▶ **What this task involves**
Images should not appear in the copy, yet every line of the listing below must be printed exactly.

▶ **Dataset section**
──────────
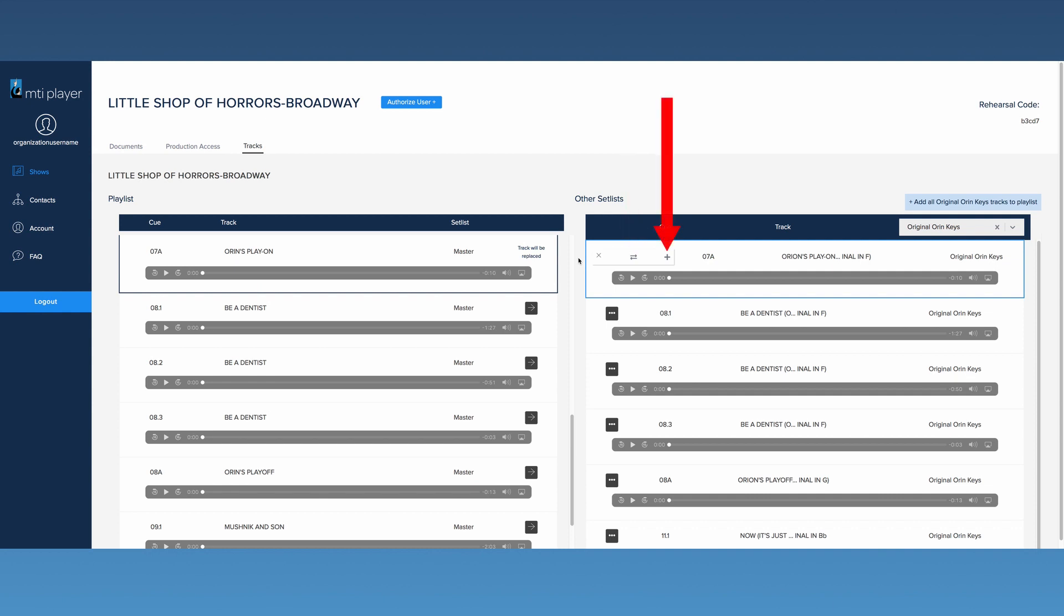This button will add the track highlighted light blue on the right to the active playlist without moving the master track. This can be helpful if you'd like to rehearse with both the master and alternate tracks to determine which works best for your production.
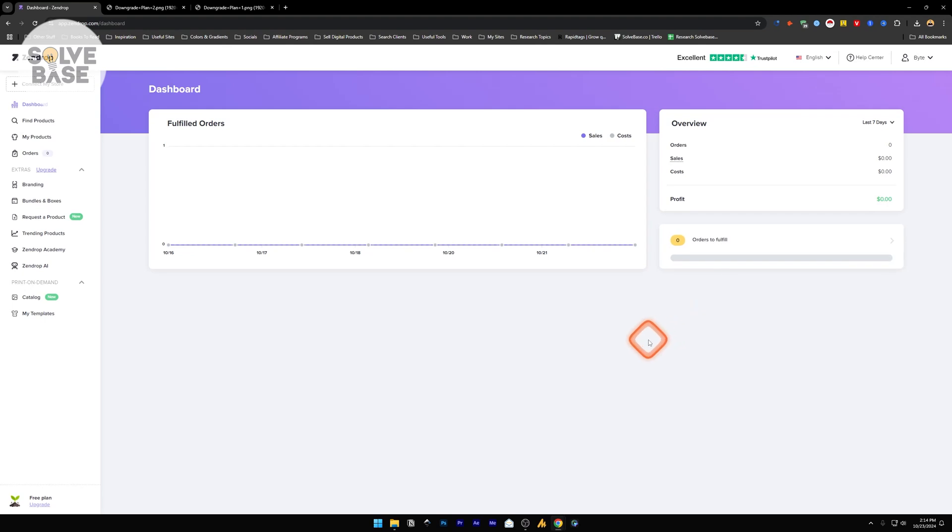Do you want to learn how to cancel your Zendrop subscription or membership? In this video I'll help solve that problem.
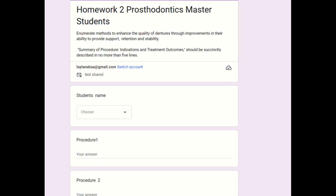Homework number two: what are the procedures to increase support, retention, and stability? We're talking about what the patient has in their mouth at the moment we receive them, but what can we do to increase each one? How do I alter their condition? What interventions could I do to increase retention, support, and stability?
──────────
▶ **Reply to the task**
This button will add the track highlighted light blue on the right to the active playlist without moving the master track. This can be helpful if you'd like to rehearse with both the master and alternate tracks to determine which works best for your production.
Do you want to learn how to cancel your Zendrop subscription or membership? In this video I'll help solve that problem.
Homework number two: what are the procedures to increase support, retention, and stability? We're talking about what the patient has in their mouth at the moment we receive them, but what can we do to increase each one? How do I alter their condition? What interventions could I do to increase retention, support, and stability?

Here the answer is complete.